Dallas Police Association President Mike Mata said it demonstrated that the new salary structure was already producing results. And Mata said applications for the Dallas Police Department were up more than 40%.

"So yes, that increase, that starting pay is going to have an effect. Retention? We have officers that left here because of pay. They're coming back," Mata said.

But some citizens left city hall unhappy after Wednesday's budget vote.

A group that calls itself "Our City, Our Budget" asked for much greater spending on social programs.

Among other things, the group wanted 24-hour recreation centers on weekends, expanded cultural programs, benefit coordinators to help people access aide programs and ticket forgiveness for low-income residents.

"The only effective way to fight crime is to fight poverty. And that does not mean criminalizing those who are in poverty," said Kristian Hernandez, a supporter of the group.

Council members declined to make the changes the group requested Wednesday, but councilman Omar Narvaez said progress on some of the issues were already in the budget, including expanded access to recreation centers.

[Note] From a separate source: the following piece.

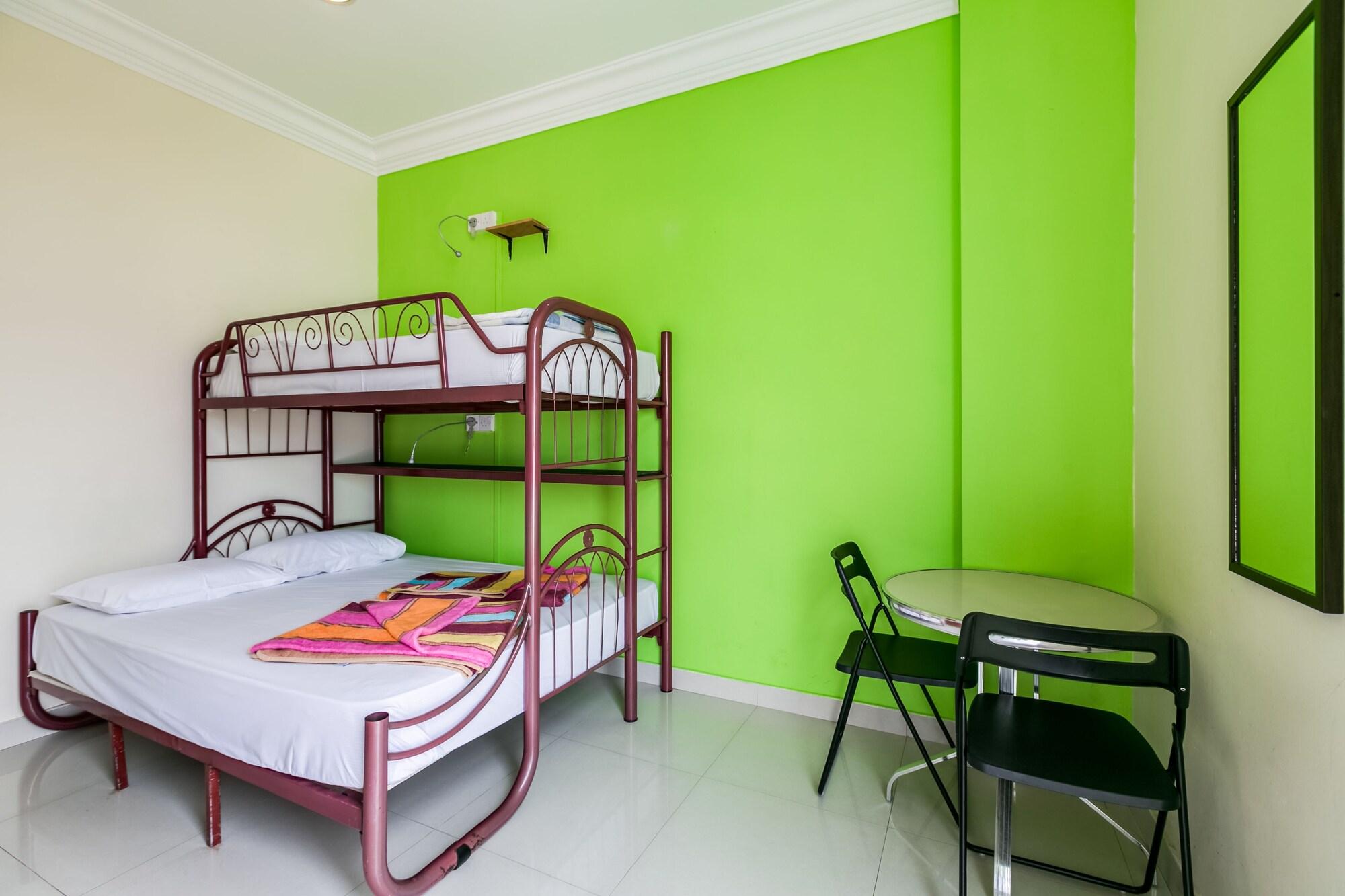 Mitraa Inn Singapore Exterior photo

A spike in murder and other violent crime this year attracted the greatest attention from city leaders as they debated a new budget. The Dallas Police Department is around 700 officers smaller than it was in 2011. More police officers and greater public safety was the overwhelming request from residents at a series of public meetings on the new city budget the past few weeks.

"It is a lot of things that folks asked for, but there's a lot of things still missing from it. But the good thing is some seeds were planted," Narvaez said.

Narvaez and several other members said they would push for more of the social programs next year.

"The very definition of a budget means tough decisions, limited resources. So this year's budget prioritizes public safety," Johnson said.

Mata said he also supported more effort to help people avoid a life of crime.

"Keeping them out of the gang culture, making them feel wanted, those are the kind of programs that need to be increased," he said.

Council members thanked one another for the spirit of cooperation they showed this year.

Councilman Adam Medrano said it was the best of seven Dallas budgets he's negotiated.

"A lot of us here really got down and worked together as a team and I just wanted to say that I'm very proud of that," Medrano said.

The council refused to accept the small property tax increase City Manager T.C. Broadnax proposed last month. The tax rate will remain 77.766 cents per $100 assessed value.

The overall city budget is more than $3.8 billion, with a general fund of $1,438,064,000.

Even with the same property tax rate, the city gets around $40 million more general fund dollars than it received last year from rising property values so many taxpayers will still pay higher taxes.